Labor Aristocrat Killer
12th March 2013, 14:58
There isn't really an IST group active in the US and if you mean the ISO, then I'm warning you now, don't throw shady accusations around like that unless you are prepared to show some proof because otherwise you're just trolling.It isn't a shady accusation. Anyone can view the 990 documents of the ISO, and see for themselves that this organization has received hundreds of thousands of dollars from various NGOs, such as the Wallace Global Fund (over $500,000 since 2005). It's a matter of public record:

http://foundationcenter.org/findfunders/990finder/

The Wallace Global Fund was setup by the progressive turned extremely anti-communist multi-millionaire Republican Henry Wallace. Much like George Soros, such organizations of Necromancer-capitalists don't give money to people calling themselves communists for no reason.


And you do know the logic of your argument that a section of well-paid workers are the "Labor Aristocracy" whose interests are inherently anti-revolution, then your name: "Labor Aristocrat Killer" basically means "High paid-worker killer" which is pretty divisive on class terms and anti-revolutionary itself.I never said anything about "well-paid workers." This is consistently your phrase. It is your reformulation of my words. Everything I have said is what Engels, Lenin, Trotsky, and the post-Trotsky Fourth International Congresses have said about the Labor Aristocracy. If you can't handle that, perhaps you should petition the ISO to stop calling themselves Leninists and Trotskyists.

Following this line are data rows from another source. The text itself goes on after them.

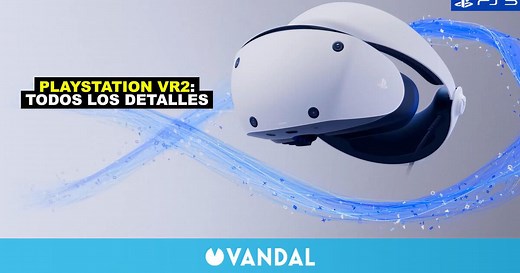 PlayStation VR2: Precio, fecha, juegos, especificaciones y todos los detalles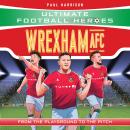 Wrexham AFC (Ultimate Football Heroes - The No.1 football series) Audiobook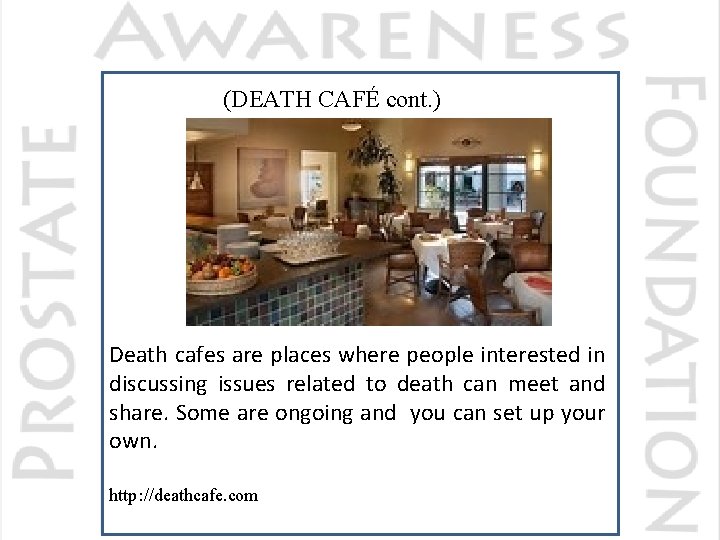 (DEATH CAFÉ cont. ) Death cafes are places where people interested in discussing issues
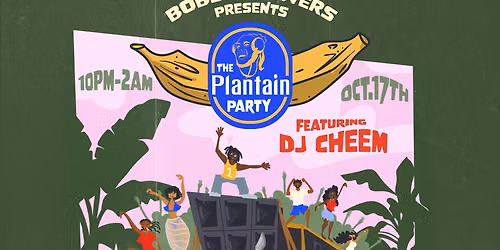 THE PLANTAIN PARTY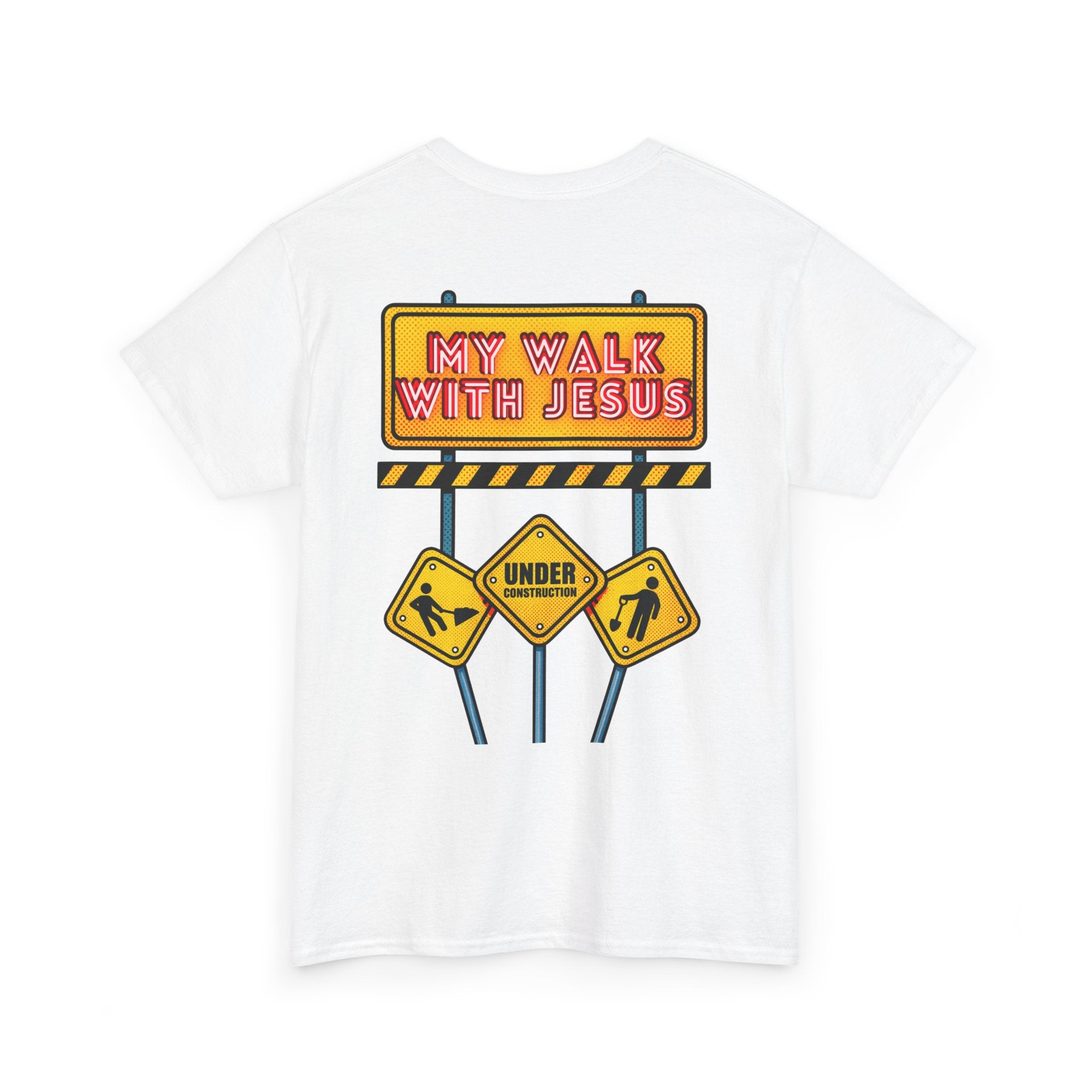 'Under Construction - My Walk With Jesus' - T-Shirt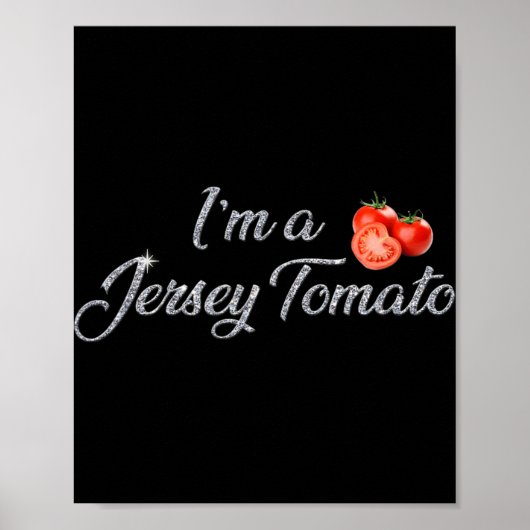 I'm A Jersey Tomato, New Jersey, Garden State, Jer Poster (Vorne)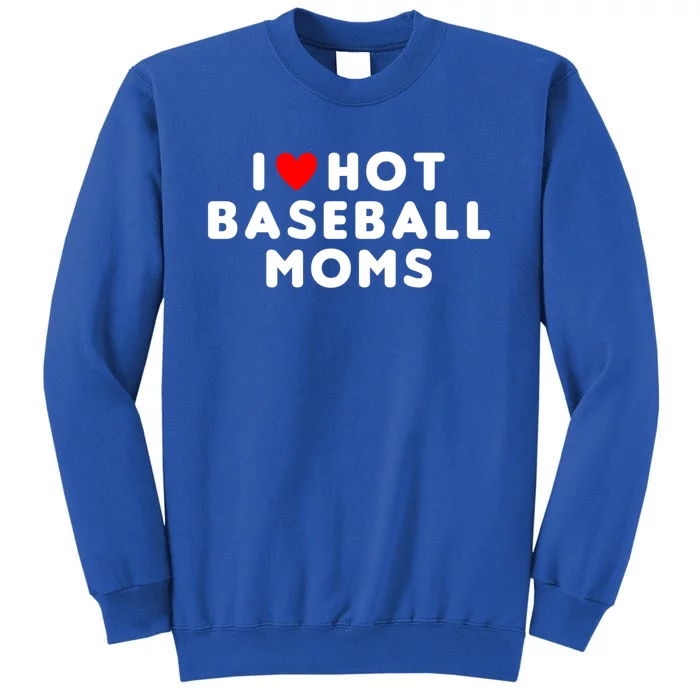 I Love Hot Baseball Moms Funny Red Heart Gift Tall Sweatshirt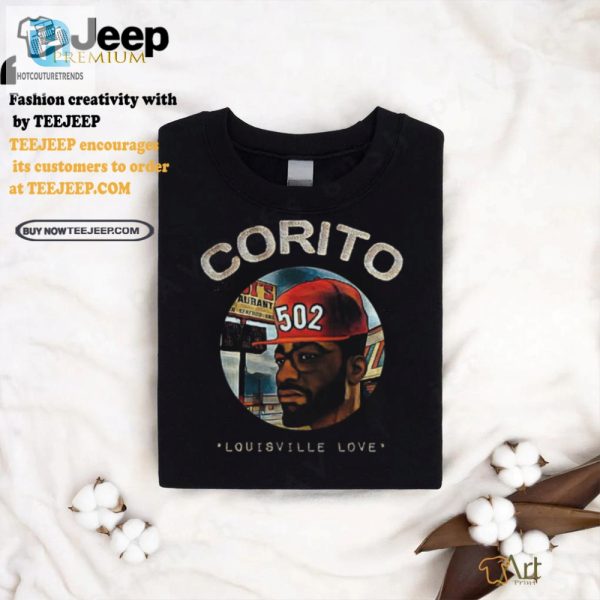 Get Quirky Corito Louisville Love Shirt With A Hilarious Twist hotcouturetrends 1 2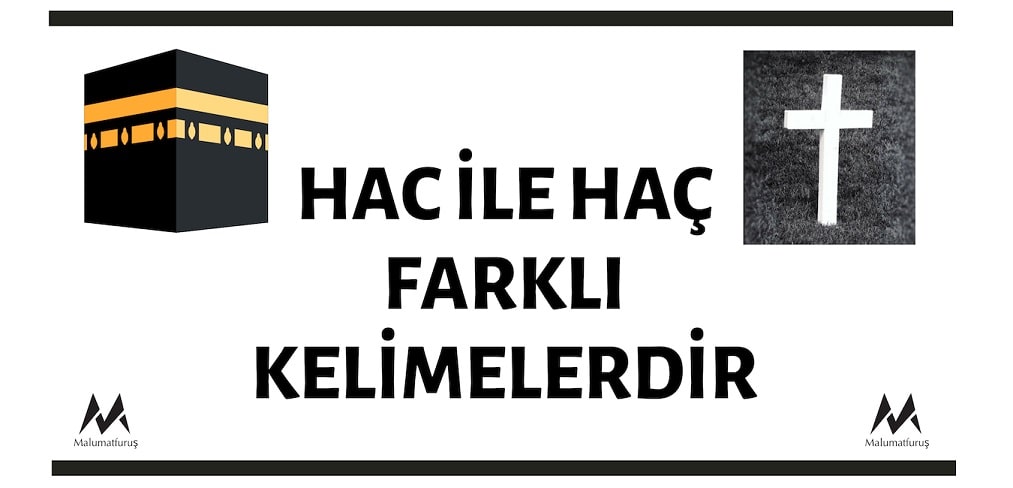 Hac – Haç Farkı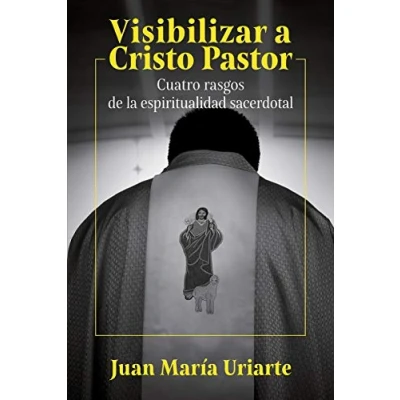 Imagen de Visibilizar A Cristo Pastor: Cuatro rasgos de la espiritualidad sacerdotal: 171 (Servidores y Testigos)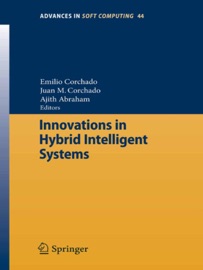 Innovations in Hybrid Intelligent Systems - Emilio Corchado, Juan Manuel Corchado Rodríguez & Ajith Abraham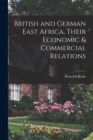 Image for British and German East Africa, Their Economic &amp; Commercial Relations
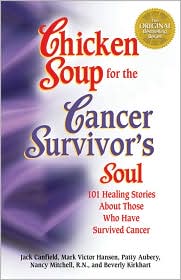 Chicken Soup for the Cancer Survivor's Soul: 100 Healing Stories About Those Who Have Survived Cancer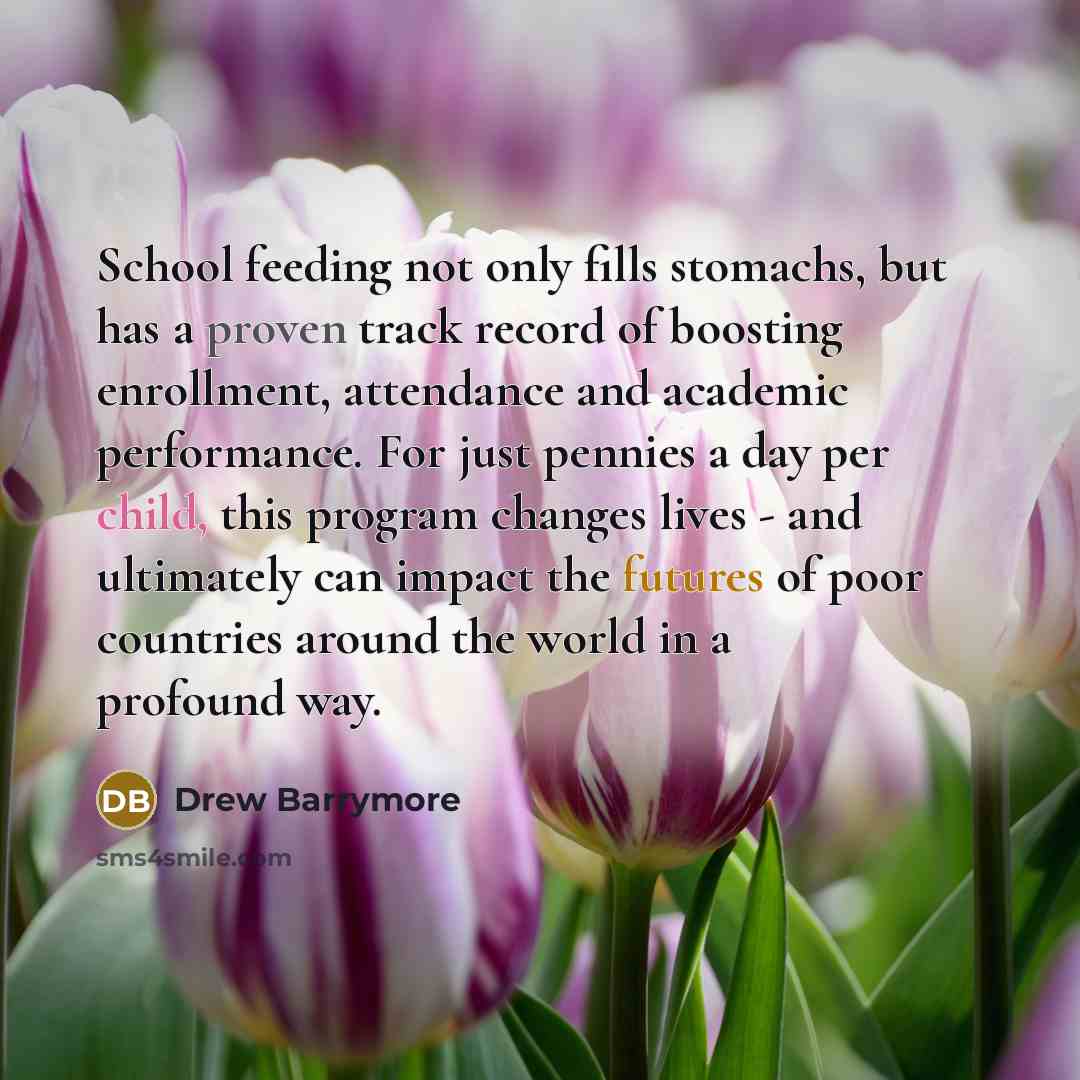 “School feeding not only fills stomachs, but has a proven track record of boosting enrollment, attendance and academic performance. For just pennies a day per child, this program changes lives - and ultimately can impact the futures of poor countries around the world in a profound way.” quote by Drew Barrymore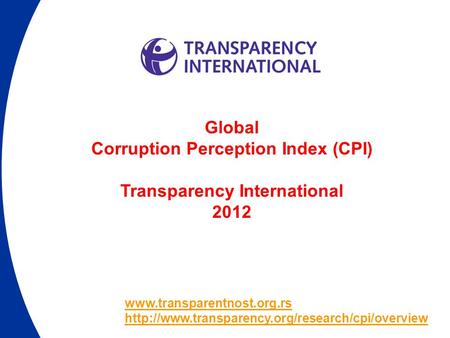 Global Corruption Perception Index (CPI) Transparency International 2012.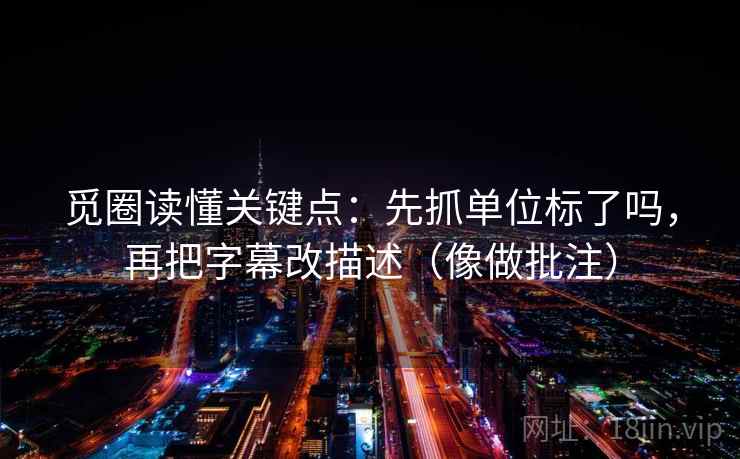 觅圈读懂关键点：先抓单位标了吗，再把字幕改描述（像做批注）  第2张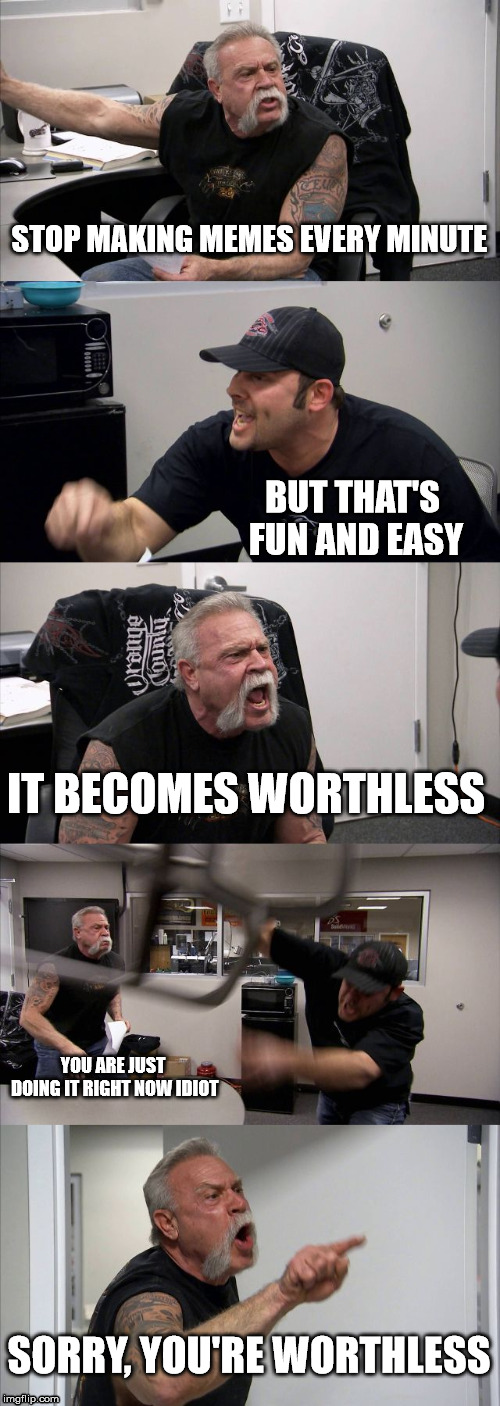 American Chopper Argument Meme |  STOP MAKING MEMES EVERY MINUTE; BUT THAT'S FUN AND EASY; IT BECOMES WORTHLESS; YOU ARE JUST DOING IT RIGHT NOW IDIOT; SORRY, YOU'RE WORTHLESS | image tagged in memes,american chopper argument | made w/ Imgflip meme maker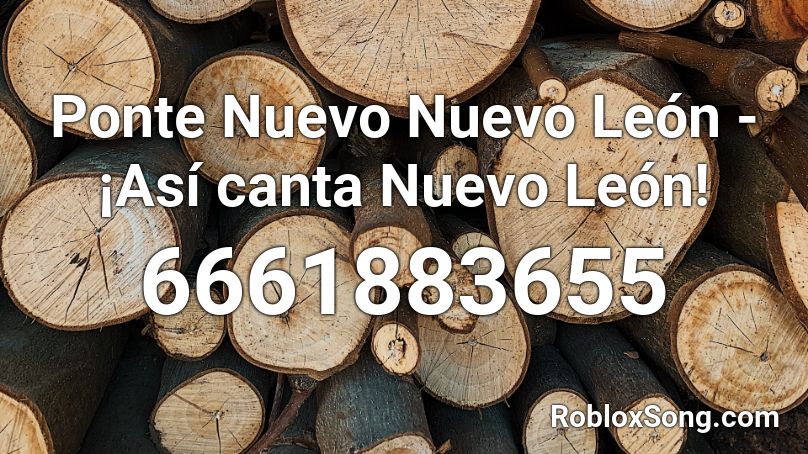 Ponte Nuevo Nuevo León - ¡Así canta Nuevo León! Roblox ID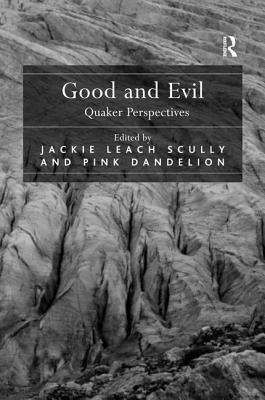 Good and Evil: Quaker Perspectives by Jackie Leach Scully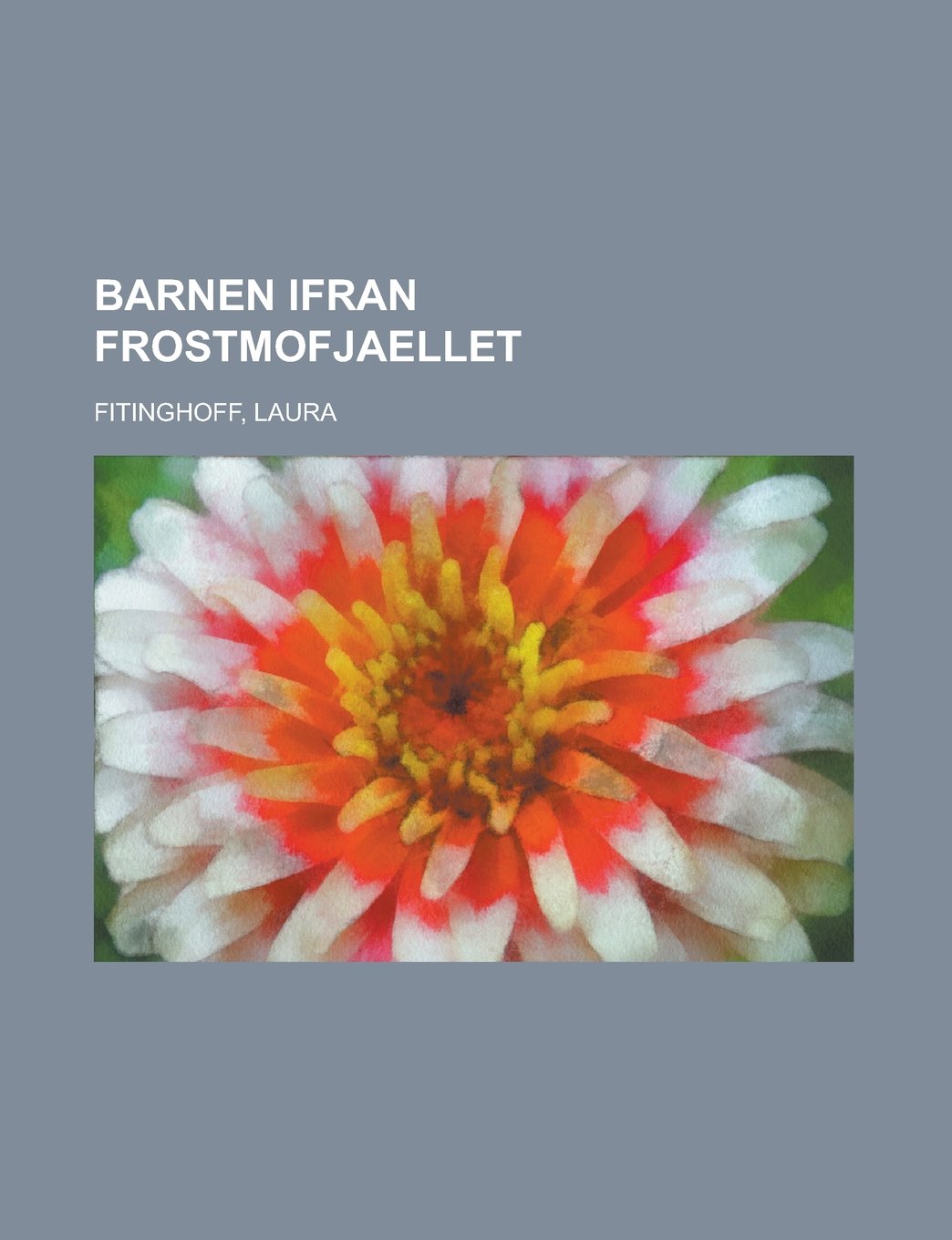 Barnen ifran Frostmofjaellet (Swedish Edition) Books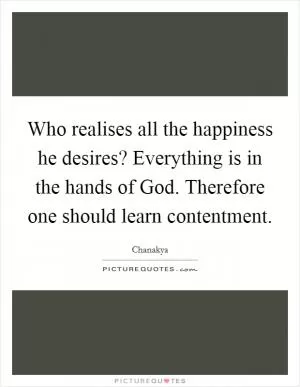 Who realises all the happiness he desires? Everything is in the hands of God. Therefore one should learn contentment Picture Quote #1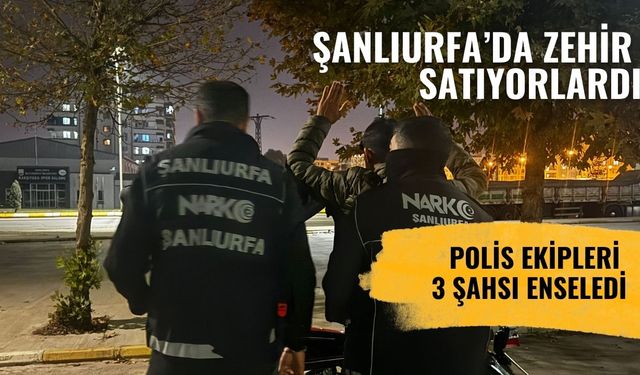 Şanlıurfa’da Zehir Satıyorlardı! Polis 3 Şahsı Enseledi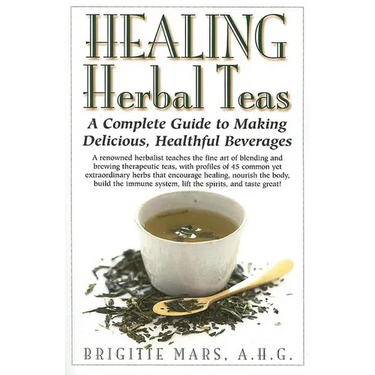 Healing Herbal Teas: A Complete Guide to Making Delicious, Healthful Beverages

So do you think that there is objectivly a strata of workers whose objective interests are actually alligned with capitalOf course. This is a basic teaching of Marx, Engels, Lenin, Trotsky, and the founding Congresses of both the Third and Fourth Internationals. Why would I reject such a basic concept?

Why do you reject their clear words, is perhaps, a better question. Though I think I can venture a guess.

Jimmie Higgins
12th March 2013, 17:39
:rolleyes:Jesus Christ. "Anyone can just go onto a website I have linked here and research and see for themselves...". Did you learn politics by working on electoral smear campaigns or something? If anyone can do it, then go on stop vague slanders and try and demonstrate that a left group gets donations and show how they are "shady" and how they end up directing the politics and actions of the political group. Show how 9/11 was an inside job while you're at it.

subcp
12th March 2013, 21:10
This is a basic teaching of Marx, Engels, Lenin, Trotsky, and the founding Congresses of both the Third and Fourth Internationals.

There is a big difference between what Engels describes (the integration of a worker's organization into the state; or the collaboration of a worker's organization with the interests of capital) and what Lenin and Trotsky later put forward.

You will not find mention of super-profits or even the theory of Imperialism in Marx & Engels.